ValidParentheses[n_] := 
 Module[{}, 
  validParenthesesDFS[open_, close_, s_] := 
   If[open == 0 && close == 0, {s}, 
    Join[If[open > 0, 
      validParenthesesDFS[open - 1, close, s <> "("], {}], 
     If[close > open, 
      validParenthesesDFS[open, close - 1, s <> ")"], {}]]];
  validParenthesesDFS[n, n, ""]]
DrawParenthesesStructure[s_String] := 
  Module[{chars, stack = {}, nodeLabels, edges = {}, depth = 0, 
    maxDepth = 0, colorMap}, chars = Characters[s];
   nodeLabels = Table[If[chars[[i]] == "(", depth += 1;
      maxDepth = Max[maxDepth, depth];
      AppendTo[stack, i];
      Style[i, RGBColor[0.4, 0.6, 1, depth/10]], 
      depth = Max[depth - 1, 0];
      edges = Append[edges, UndirectedEdge[Last[stack], i]];
      stack = Most[stack];
      Style[i, RGBColor[1, 0.4, 0.2, 1 - depth/10]]], {i, 1, 
      Length[chars]}];
   colorMap = ColorData["Rainbow"] /@ Rescale[Range[0, maxDepth]];
   Graph[nodeLabels, edges, GraphLayout -> "LayeredDigraphEmbedding", 
    VertexSize -> 0.3, 
    VertexStyle -> Directive[EdgeForm[Black], Thickness[0.01]], 
    EdgeStyle -> Directive[Black, Thickness[0.005]], 
    VertexLabels -> Placed["Name", Center], ImageSize -> 300, 
    PlotLabel -> Style[s, 14, Bold], 
    Epilog -> 
     Inset[Panel[
       Column[{Style["Nesting Analysis", Bold], 
         "Total pairs: " <> ToString[Length[chars]/2], 
         "Max depth: " <> ToString[maxDepth], 
         "Catalan number: " <> 
          ToString[CatalanNumber[Length[chars]/2]]}], 
       Background -> Lighter[Yellow, 0.9]], Scaled[{0.8, 0.8}]]]];
Manipulate[
 Module[{parens = ValidParentheses[n], catalan = CatalanNumber[n]}, 
  Column[{Style[
     Row[{"Valid Parentheses for n = ", n, "  (Catalan number: ", 
       catalan, ")"}], Bold, 16, FontColor -> Darker[Blue]], 
    Grid[Partition[DrawParenthesesStructure /@ parens, UpTo[4]], 
     Spacings -> {2, 2}, Frame -> All, FrameStyle -> LightGray], 
    If[Length[parens] > 0, 
     Panel[Column[{Style["Statistical Summary", Bold], 
        Grid[{{"Total Combinations", catalan}, {"Average Length", 
           2  n}, {"Minimum Depth", n}, {"Maximum Possible Depth", 
           n}, {"Balanced Pairs Check", 
           AllTrue[parens, 
            StringCount[#, "("] == StringCount[#, ")"] &]}}, 
         Frame -> All]}], Background -> Lighter[Green, 0.9]], 
     "No valid parentheses for n = 0"]}]], {{n, 3, "Number of Pairs"},
   0, 6, 1, Appearance -> "Labeled", ControlType -> Slider}, 
 TrackedSymbols :> {n}, Paneled -> True, SaveDefinitions -> True]

Catalan Number

That's enough parentheses to last at least a day, because what we're doing is matching the parentheses via validation.
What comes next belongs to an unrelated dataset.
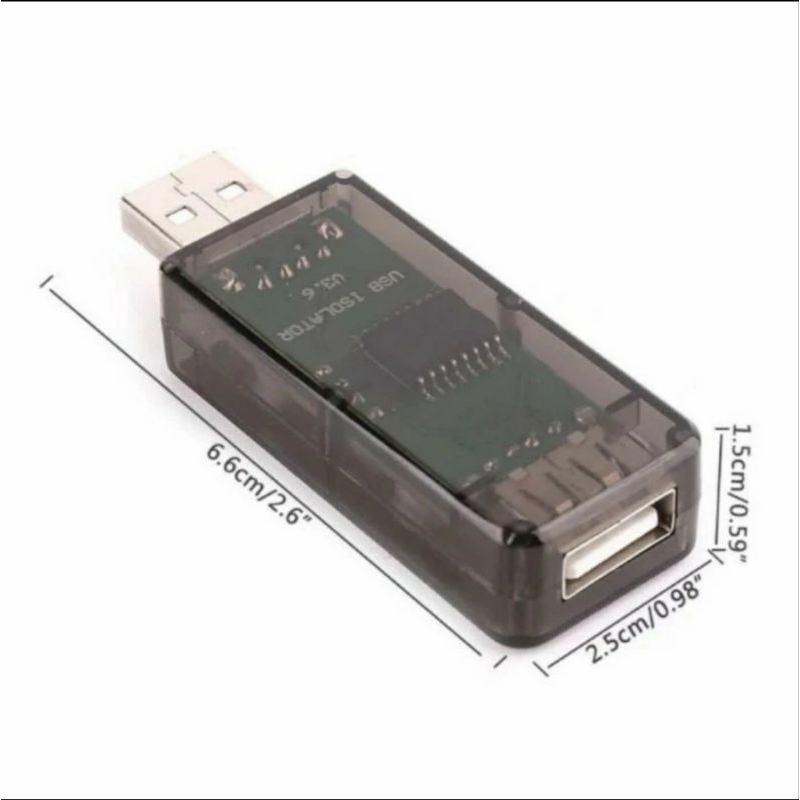 USB Ground Loop Stopper / Limitter / Isolator - Anti noise bunyi dengung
If we recursively generate all valid parentheses strings by using validParenthesesDFS a helper function that has a proper base case (open == 0 && close == 0) then sensing the characters, it's like trying to sense a dog's tail in its wagging motion, the accessibility of the conversion of the string into a list is a foregone conclusion in that the usage of the indices to build node labels is what allows us to calculate the nesting depth and create the graph. It's what, the ValidParentheses function generates combinations and visualizes each using the DrawParenthesesStructure function. And to try to identify different sort of, the language of dogs as represented by tail wagging. But in terms of how realistic you can make the robotic dog, there will be lots of progress on this in making the analog of large language models for resolving bracket specifications and the parentheses combinations and turn that into the actual sequence of parentheses and actuations in the artificial nested structure of the graph in all its "depth".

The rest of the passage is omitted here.